═══ Data in this exercise ═══

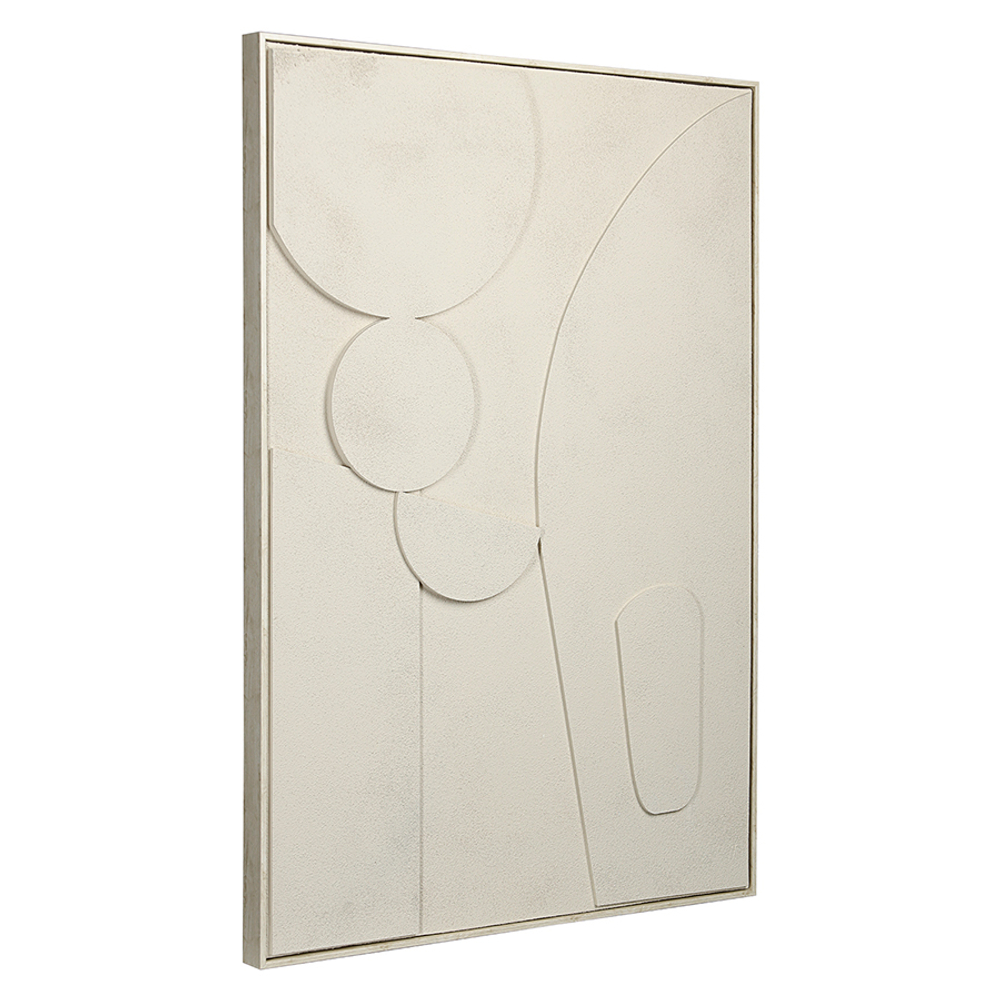 Панно декоративное с эффектом 3d minimalism bubble, 70х100 см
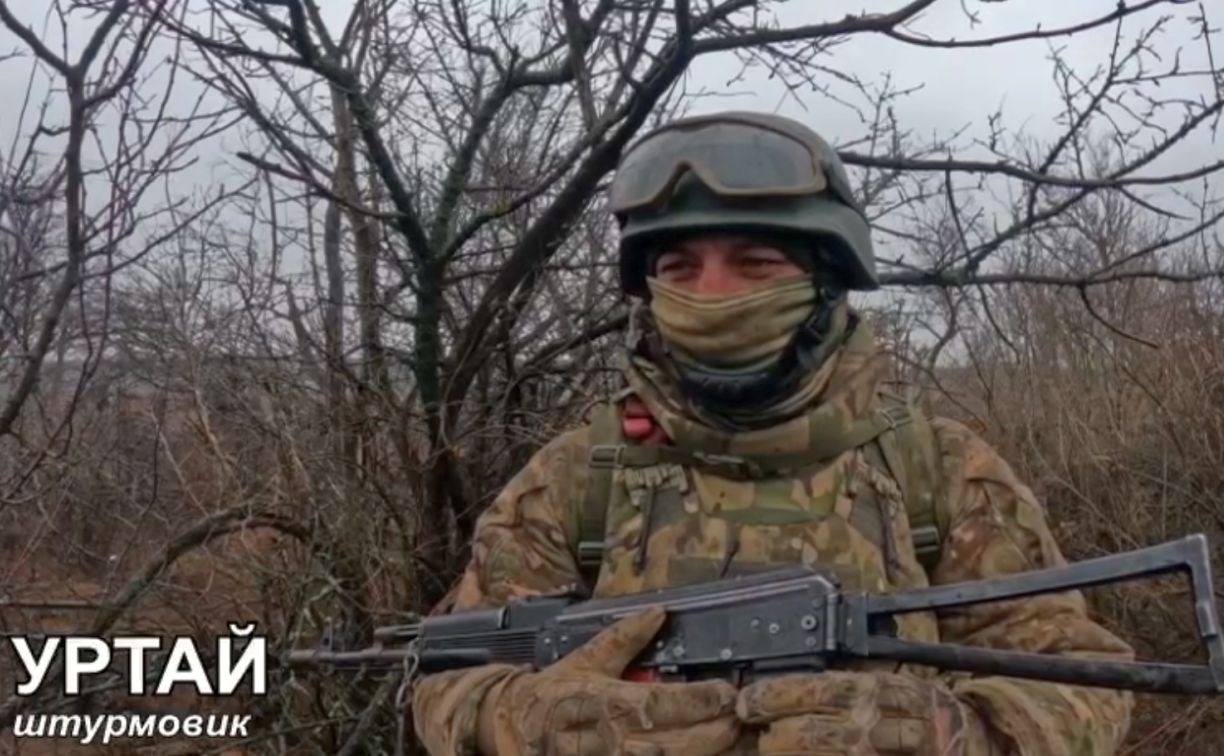 Доброволец из шахтёрского посёлка: "Мне обязательно надо с противником поквитаться"
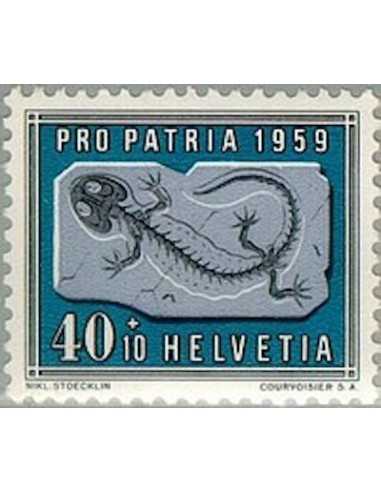 Timbre Poste Suisse N° 0629 Neuf ** philatelie foxtimbre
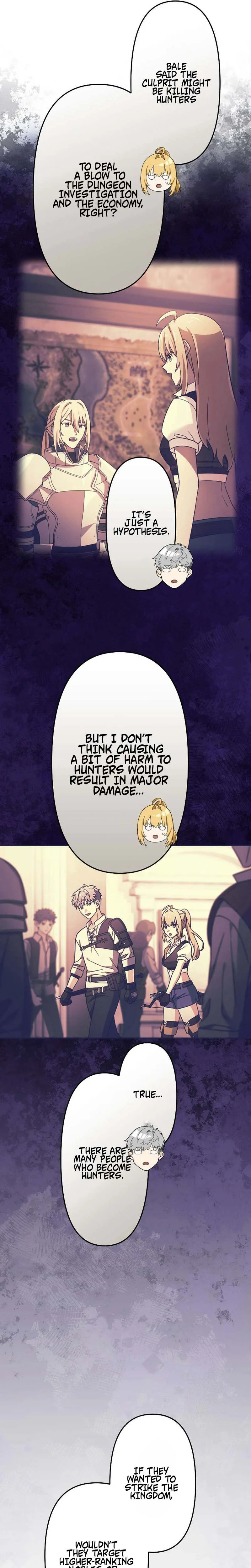 Gray Ash: The Exiled Imperial Knight’s Rise in the Dungeon Kingdom Chapter 30 Page 13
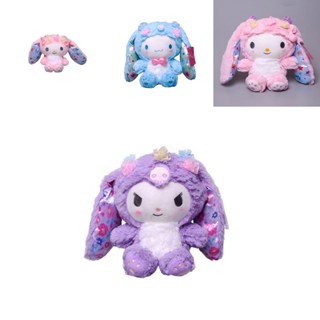 SANRIO ตุ๊กตา Mymelody และ Cinnamoroll Kuromi น่ารัก สําหรับเก็บสะสม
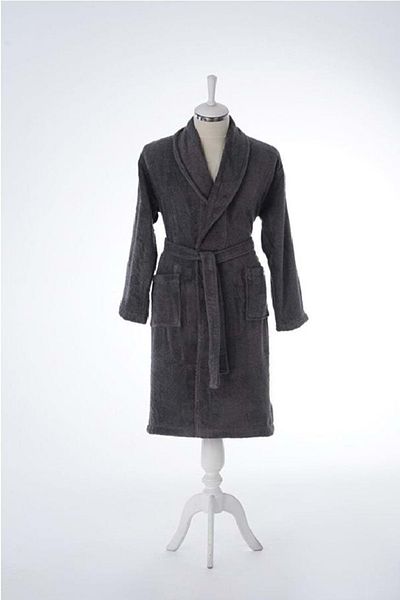 Özdilek Özdilek Μονό Μπουρνούζι Şalyaka-Colourist Anthracite (Μέγεθος XXL)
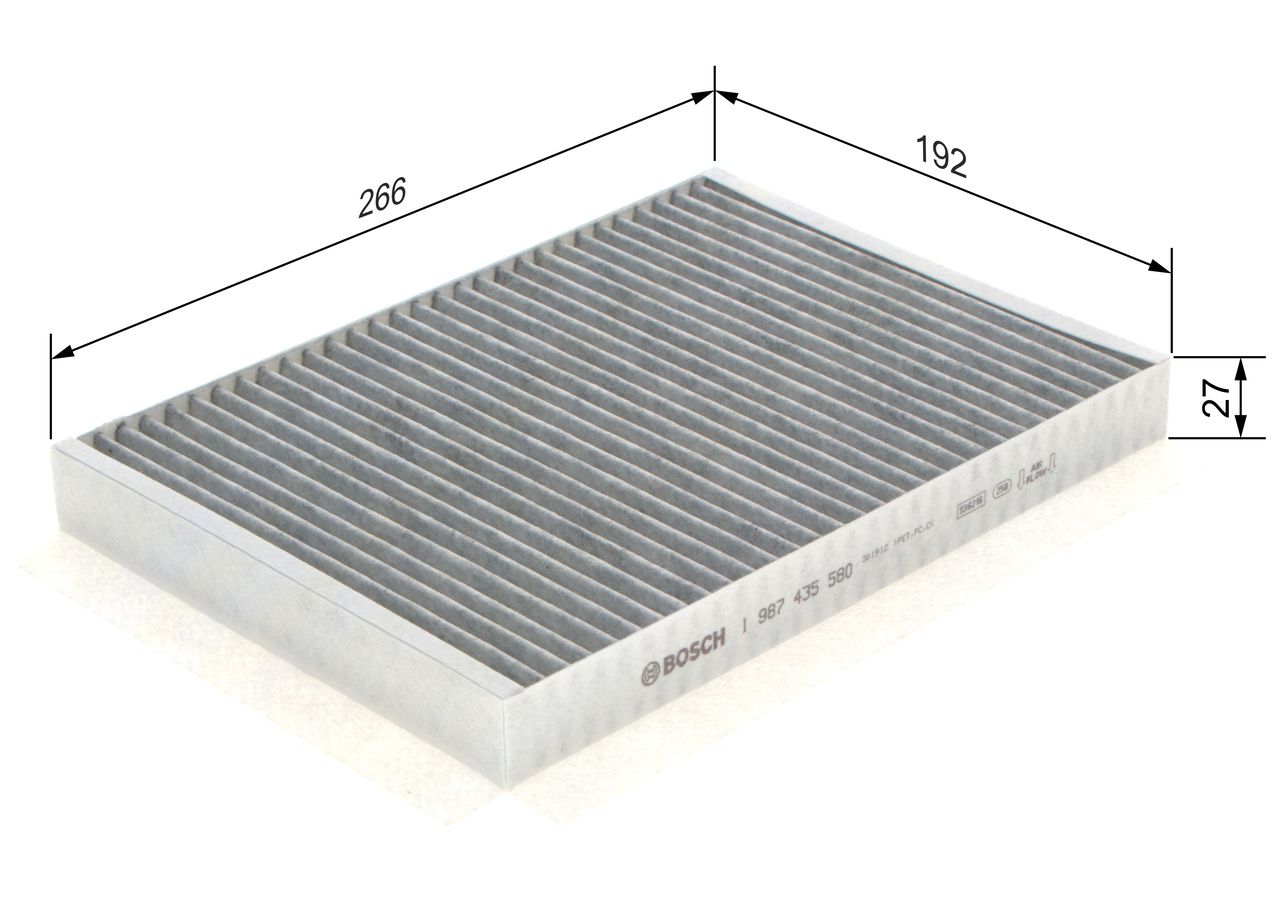 Filter, Innenraumluft
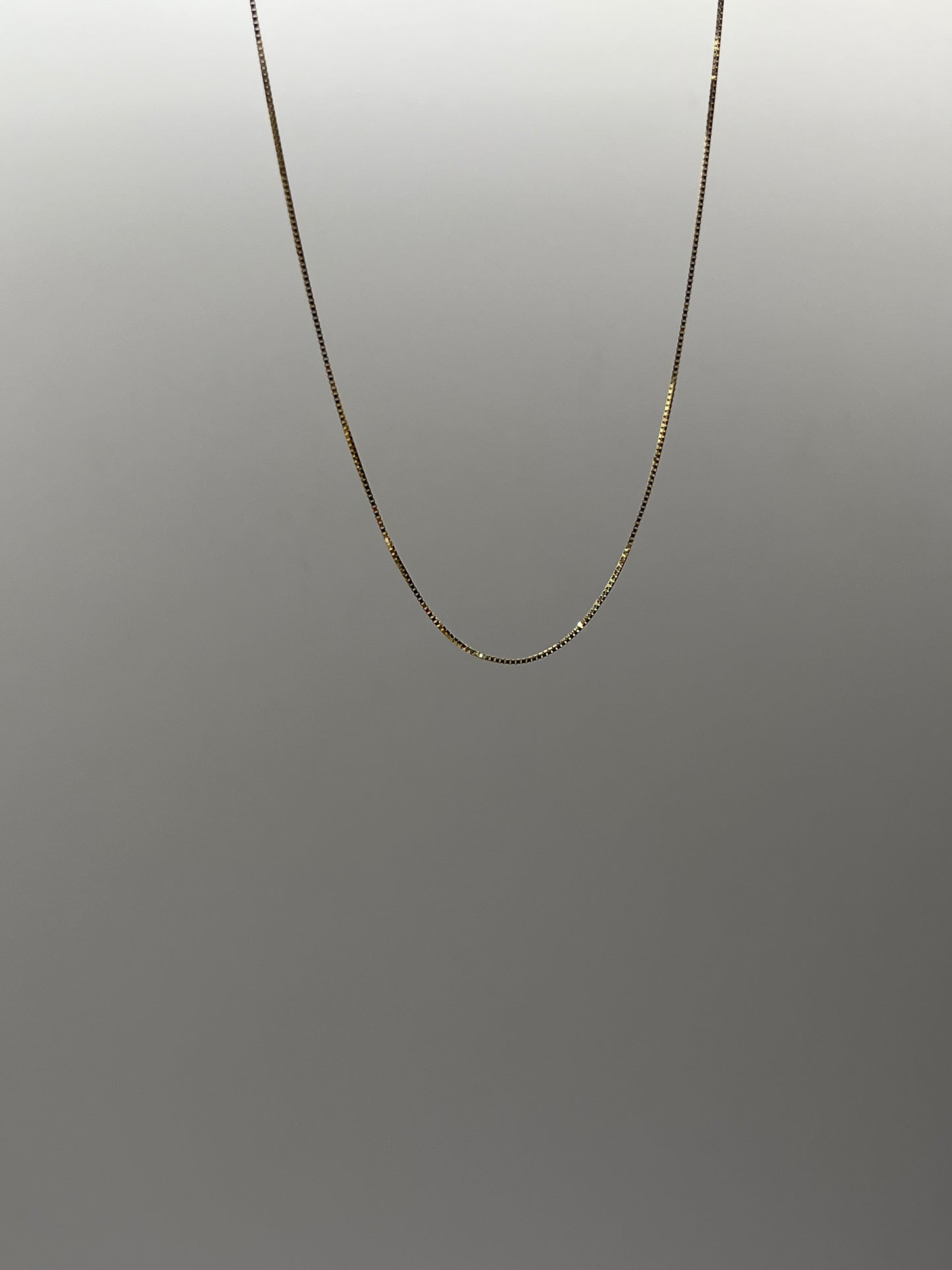 Cadena It Veneciana Oro amarillo 18k +3 / 1,40 Gr / 1 mm / 50 Cm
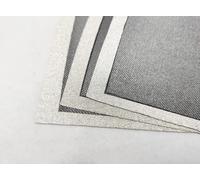 1 matrice d'électrode hydrophile hydrophobe for piles à combustible métalliques - Substrat en papier carbone 10 x 10 cm(P3)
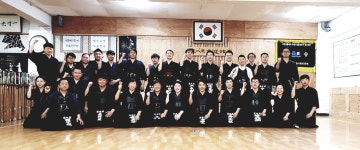 대한검도회동수원검도관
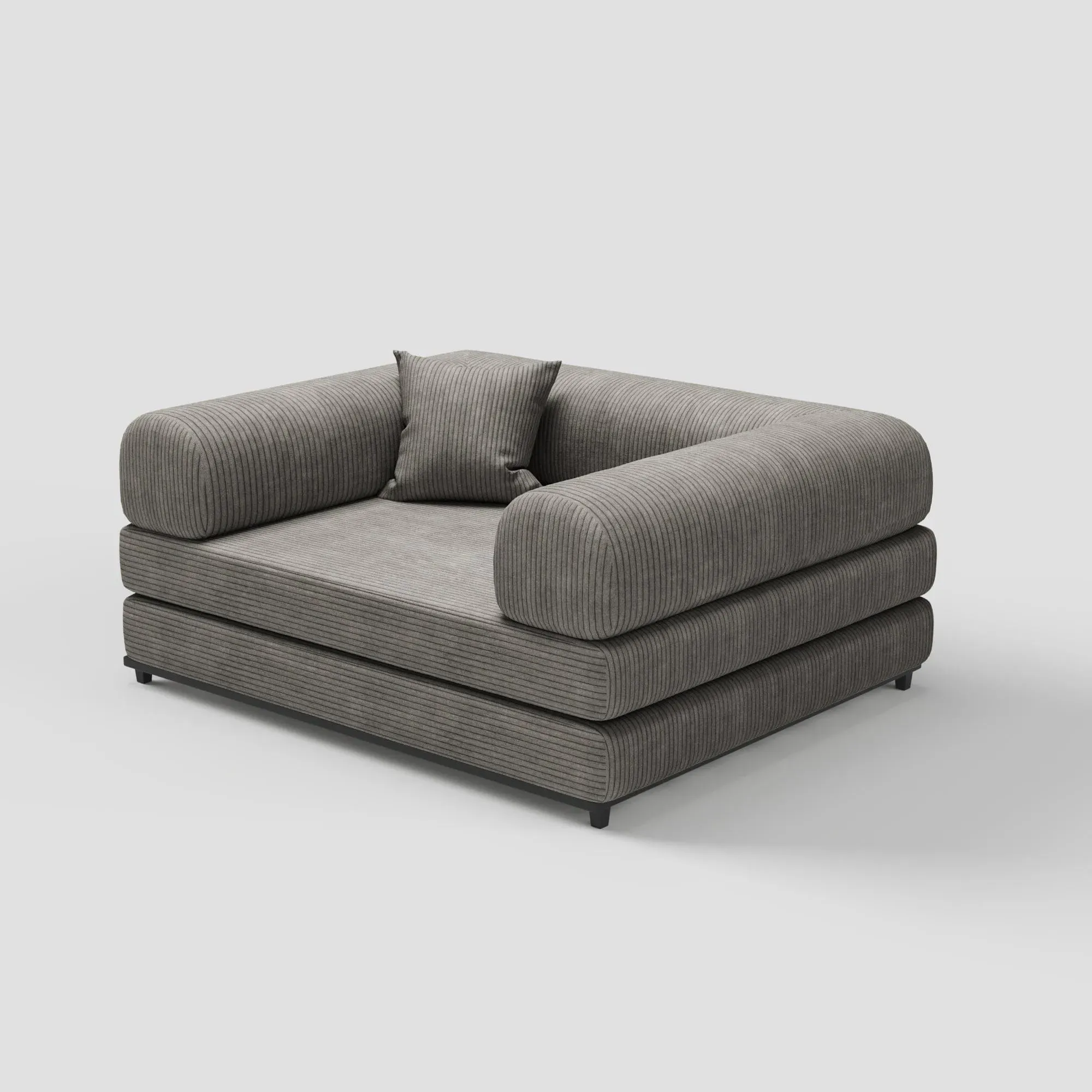 Matcha Toast Pull-Out Sofa Bed - Corduroy product
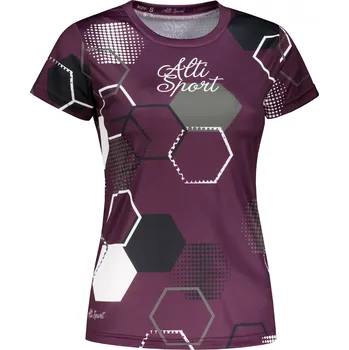 Dámské funkční tričko premium ALTISPORT VOJ/ALW037TR01 FIALOVÁ XXL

═══

§ What to do
Start at the top of the entries and repeat each line exactly, ending at the line that contains "Özdilek Özdilek Μονό". Pictures are not part of the copy.

§ The completed task
 Панно декоративное с эффектом 3d minimalism bubble, 70х100 см
 Доброволец из шахтёрского посёлка: "Мне обязательно надо с противником поквитаться"
 Timbre Poste Suisse N° 0629 Neuf ** philatelie foxtimbre
 Gray Ash: The Exiled Imperial Knight’s Rise in the Dungeon Kingdom Chapter 30 Page 13
 SANRIO ตุ๊กตา Mymelody และ Cinnamoroll Kuromi น่ารัก สําหรับเก็บสะสม
 Özdilek Özdilek Μονό Μπουρνούζι Şalyaka-Colourist Anthracite (Μέγεθος XXL)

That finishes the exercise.